Although we know good nutrition is crucial for training, shelling out those extra few dollars for healthier groceries can be painful. These practical tips can help you meet the needs of both your budget and your body.
1. Establish your priorities.
How important is good nutrition to you? Answering this question honestly can help you determine how much money you are willing to invest in your food. It’s difficult to spend money on things we don’t prioritize. Once we decide that our nutrition is something we want to invest in, it’s easier to make the following changes.
2. Plan and prepare.
When it comes to food, saving money always means investing more time in planning and preparation. Yes, we love the convenience of food on-the-go. But eliminating them from your grocery runs can instantly slash our expenses. Be prepared to start washing, chopping, storing, and freezing. Sit down and plan your meals out for the entire week. Make a grocery list and stick to it.
3. Invest in a freezer.
If you have the space, this can save you major dollars in the long term. Buy good meat in bulk. Buy entire animals if you can. Get fruits and vegetables in large quantities when they are in season (and therefore the cheapest), then freeze them for use throughout the year.
4. Invest in a nutrition or cooking class.
Get a few friends together for a group session to save money.
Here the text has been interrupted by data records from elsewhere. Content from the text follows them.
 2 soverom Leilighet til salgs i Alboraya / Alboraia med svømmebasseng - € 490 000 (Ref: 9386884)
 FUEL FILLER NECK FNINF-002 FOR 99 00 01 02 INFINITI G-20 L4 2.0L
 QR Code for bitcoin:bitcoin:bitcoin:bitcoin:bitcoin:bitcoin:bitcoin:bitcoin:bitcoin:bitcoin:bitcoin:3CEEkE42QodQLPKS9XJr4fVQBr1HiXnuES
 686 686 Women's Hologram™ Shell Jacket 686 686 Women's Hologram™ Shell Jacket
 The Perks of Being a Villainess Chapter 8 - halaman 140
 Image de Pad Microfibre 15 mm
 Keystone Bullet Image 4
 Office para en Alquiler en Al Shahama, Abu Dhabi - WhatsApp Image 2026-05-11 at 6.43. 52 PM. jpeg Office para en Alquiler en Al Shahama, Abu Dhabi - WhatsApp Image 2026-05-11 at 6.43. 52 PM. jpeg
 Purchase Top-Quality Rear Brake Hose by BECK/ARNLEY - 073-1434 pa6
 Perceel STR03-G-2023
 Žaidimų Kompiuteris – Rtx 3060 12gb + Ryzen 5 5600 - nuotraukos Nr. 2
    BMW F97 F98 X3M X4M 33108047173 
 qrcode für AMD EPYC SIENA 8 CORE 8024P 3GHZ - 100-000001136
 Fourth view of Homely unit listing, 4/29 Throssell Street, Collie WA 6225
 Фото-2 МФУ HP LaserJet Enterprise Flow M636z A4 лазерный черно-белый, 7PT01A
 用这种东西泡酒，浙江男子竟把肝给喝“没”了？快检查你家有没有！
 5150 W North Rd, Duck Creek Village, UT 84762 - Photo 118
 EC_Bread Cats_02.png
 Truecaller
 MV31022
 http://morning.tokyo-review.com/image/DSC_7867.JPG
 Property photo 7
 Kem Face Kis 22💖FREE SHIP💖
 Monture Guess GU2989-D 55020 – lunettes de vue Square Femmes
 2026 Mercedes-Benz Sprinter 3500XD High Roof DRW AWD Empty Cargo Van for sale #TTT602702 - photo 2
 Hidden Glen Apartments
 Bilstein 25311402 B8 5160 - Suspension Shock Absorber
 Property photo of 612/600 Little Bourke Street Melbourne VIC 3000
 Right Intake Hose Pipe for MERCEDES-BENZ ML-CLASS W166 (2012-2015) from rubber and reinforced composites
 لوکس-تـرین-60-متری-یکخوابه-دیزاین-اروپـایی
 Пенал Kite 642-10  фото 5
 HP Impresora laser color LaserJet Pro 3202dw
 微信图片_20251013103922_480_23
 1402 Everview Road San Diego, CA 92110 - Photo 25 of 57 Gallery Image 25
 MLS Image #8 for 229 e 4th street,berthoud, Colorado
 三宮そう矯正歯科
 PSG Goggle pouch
Pay for just a few consultations or classes to cover the basics. Learn to read food labels and get a grocery store tour (be careful when attending free tours—they are usually sponsored by a company with a vested interest in what you buy, so you won’t always be getting completely transparent information).
Spending money on a nutritionist may initially seem counterproductive, but there’s nothing worse than finding out that you’ve been spending all your money on food you thought was healthy, but really wasn’t. Many labels like natural, raw, and whole wheat are not regulated and can be used to sell products at a higher price. A nutritionist can teach you how to determine which foods live up to their labels and which are just clever marketing.